The House of Culture

The colonization of Caxias do Sul took place amid great sacrifices and material deprivation in a still-wild environment. With scarce government assistance, those who did not work hard faced starvation. Despite the effort, many went hungry in the challenging early days. In this adverse context, there was little time for the settlers to dedicate to cultural activities beyond their folkloric aspects, with the most prominent being religious festivals, those related to agricultural production, and domestic entertainment such as lace-making, games, and songs. Despite their diverse origins and distinct cultures, mutual support in times of hardship was crucial, creating a strong network of cooperation that formed the foundation for the rapid flourishing of a prosperous new city, which became the hub for the circulation of surplus production from surrounding family colonies. The settlers were also united by ties of religion, kinship, and ancestry, forming communities with a conservative and traditional profile in a cultural universe that was essentially pragmatic and functional but dominated, as João Carlos Tedesco described, by the "ethos" of the settler, the immigrant—foreigners uprooted from their origins but still poorly integrated into the culture of their new country.
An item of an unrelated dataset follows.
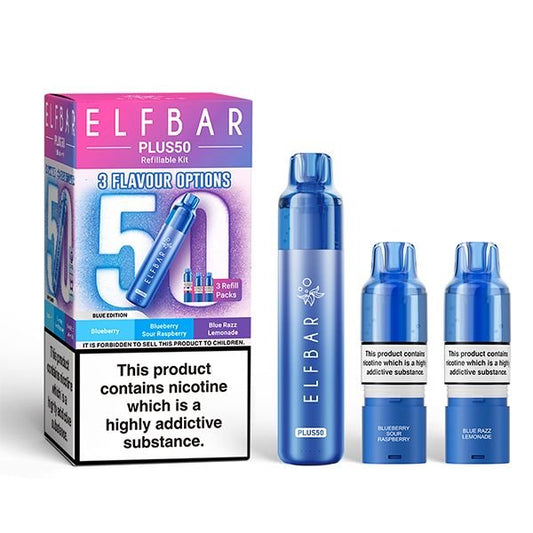 Elf Bar Plus 50 Prefilled Pod Kit - Vape Town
The immigrants formed a kind of cultural enclave in the region.

In the urban core, as initial difficulties were overcome and the community rapidly prospered, it became possible to invest in more refined forms of art. Soon, the production of notable painters, religious sculptors, decorators, and photographers flourished. By the early 20th century, the city center was populated with decorated multi-story buildings, mansions, and imposing structures such as the Cathedral, the Episcopal Palace, the Central Cinema Theater, the Clube Juvenil, and various bank headquarters. Elite clubs were formed, operettas were appreciated, and the public became enthusiastic about cinema. Moreover, buoyed by their own prosperity and influenced by the fascism of Mussolini, who publicly praised them, the immigrants and their first generation of descendants developed considerable pride. Under the nationalist policies of the Vargas Era, this ethnic pride and cultural enclave were dissolved through significant government violence and repression. Social reconciliation occurred only in the 1950s, but this forced integration led to the loss of many traditions and valuable community values.

The situation today is quite different. Caxias do Sul has opened up to cosmopolitan culture and cultivates the arts in various forms. The municipal government directly maintains or supports a wide range of departments, programs, groups, and cultural institutions, including the Percy Vargas de Abreu e Lima Cultural Center, which encompasses the Municipal Theater, the Public Library, and the Municipal Art Gallery, the Henrique Ordovás Filho Cultural Center, theater, dance, music, and literature units, and the Department of Popular Art and Culture, while also promoting various community centers. The city government also supports culture through the Culture Incentive Law (Fundoprocultura) and annually awards several prizes and trophies in various cultural fields. In 2006, 650,000 reais were spent by the public sector on culture. In 2008, the city was named the Brazilian Capital of Culture.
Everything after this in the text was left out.